• Exercise requirements:
Keep the images out while you set down the data exactly.

(Pictures with short captions)
==============================

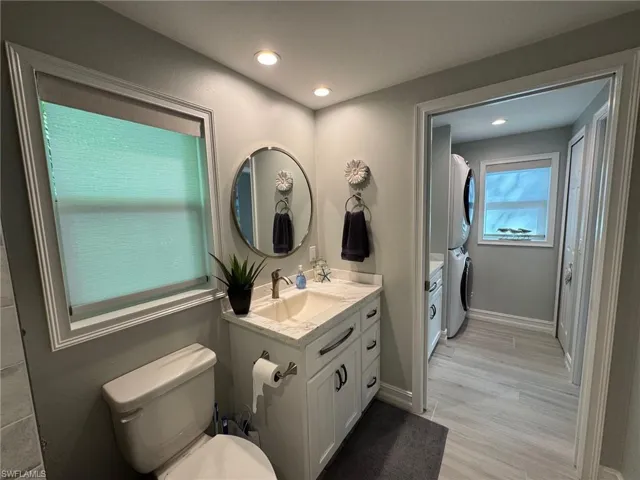Bathroom with stacked washer / drying machine, vanity, wood-type flooring, and toilet
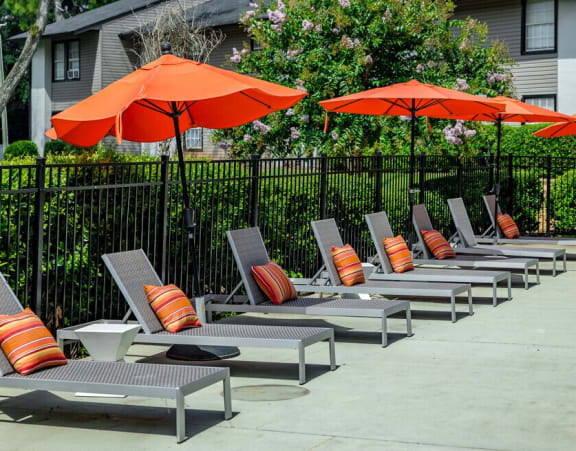 a swimming pool with umbrellas in front of a hotel at Glen Hollow, Georgia, 30034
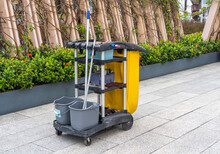 Cleaner Cart In A Public Place With Cleaning Products: Mop, Buckets For Cleaning The Floor, Broom Scoop, Household Chemicals, Household Rags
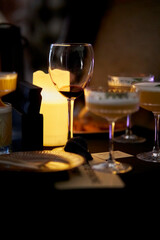 Glasses with Alcohol are on the table at the party. Glasses with alcohol on the table against the background of candles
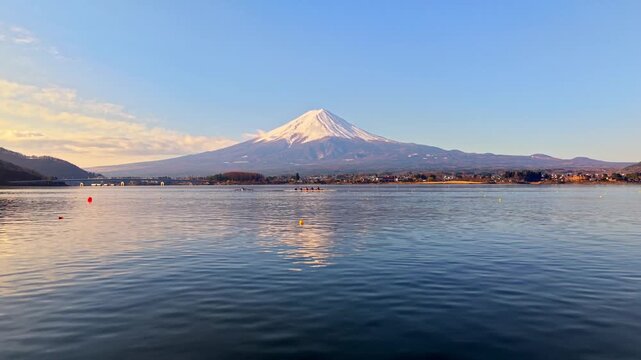 Rowing team practicing on Lake Kawaguchi with scenic view of Mount Fuji in Japan.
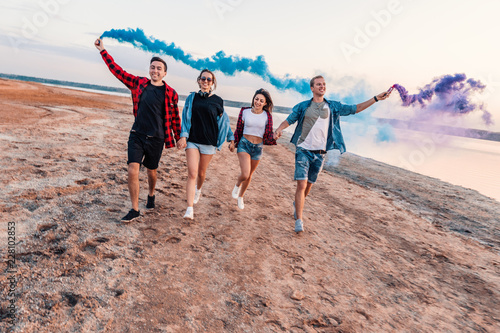 group of young friends running along the beach and holding hand flare or fusee. Freedom and independence concept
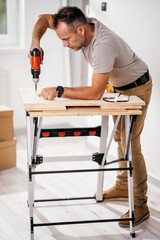 a handsome man making furniture in his new apartment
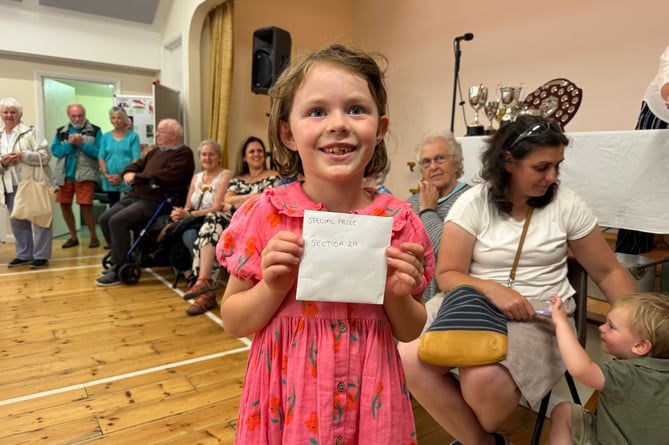 A young prizewinner with her prize.  AQ 1071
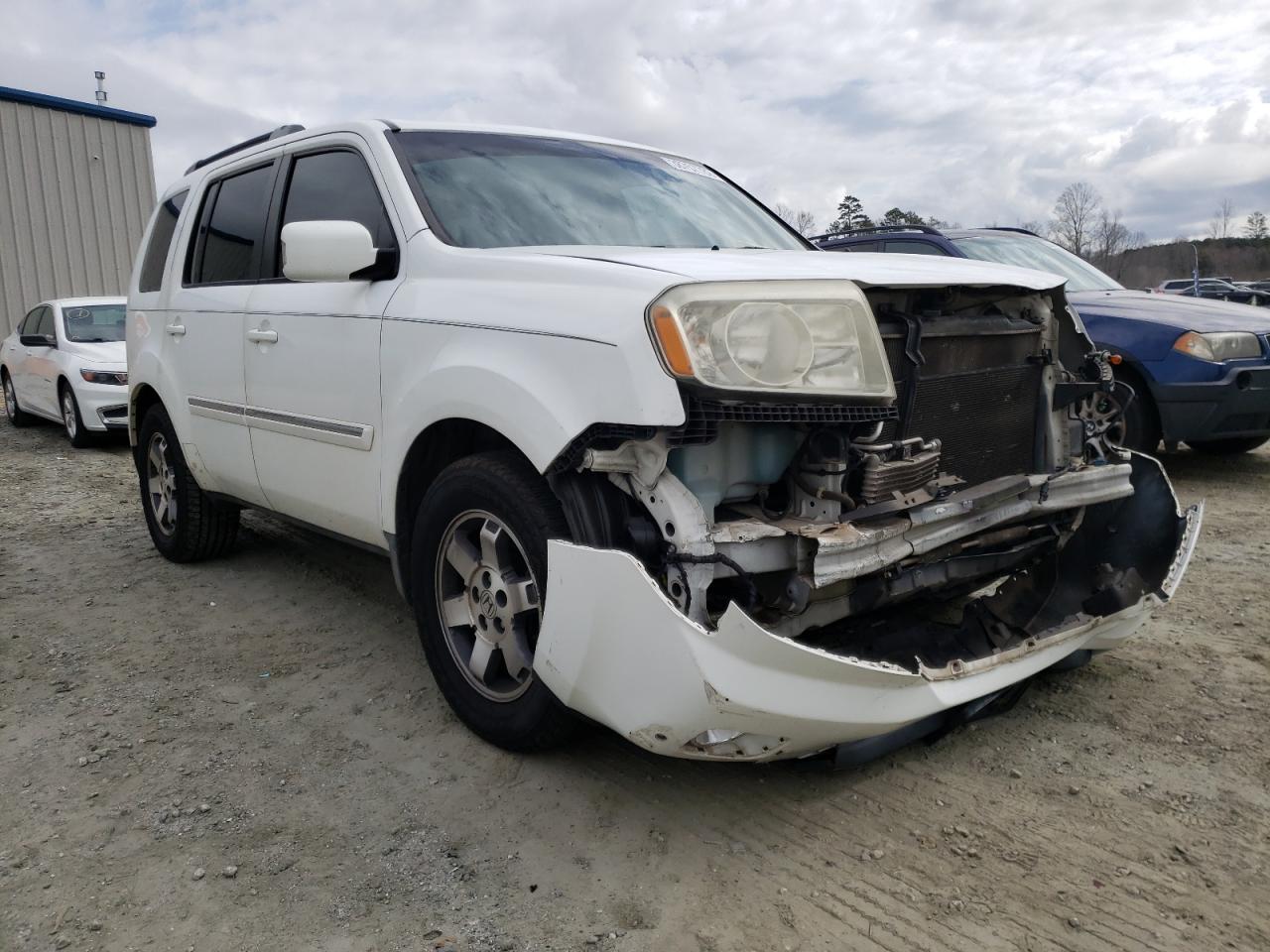 HONDA PILOT TOUR 2009 with VIN 5FNYF38869B010799 - Photo from auction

==============================

• Written response:
Bathroom with stacked washer / drying machine, vanity, wood-type flooring, and toilet
 a swimming pool with umbrellas in front of a hotel at Glen Hollow, Georgia, 30034
 Cleaner Cart In A Public Place With Cleaning Products: Mop, Buckets For Cleaning The Floor, Broom Scoop, Household Chemicals, Household Rags
 Glasses with Alcohol are on the table at the party. Glasses with alcohol on the table against the background of candles
 Rowing team practicing on Lake Kawaguchi with scenic view of Mount Fuji in Japan.
 group of young friends running along the beach and holding hand flare or fusee. Freedom and independence concept
 a handsome man making furniture in his new apartment
 A young prizewinner with her prize.  AQ 1071
 HONDA PILOT TOUR 2009 with VIN 5FNYF38869B010799 - Photo from auction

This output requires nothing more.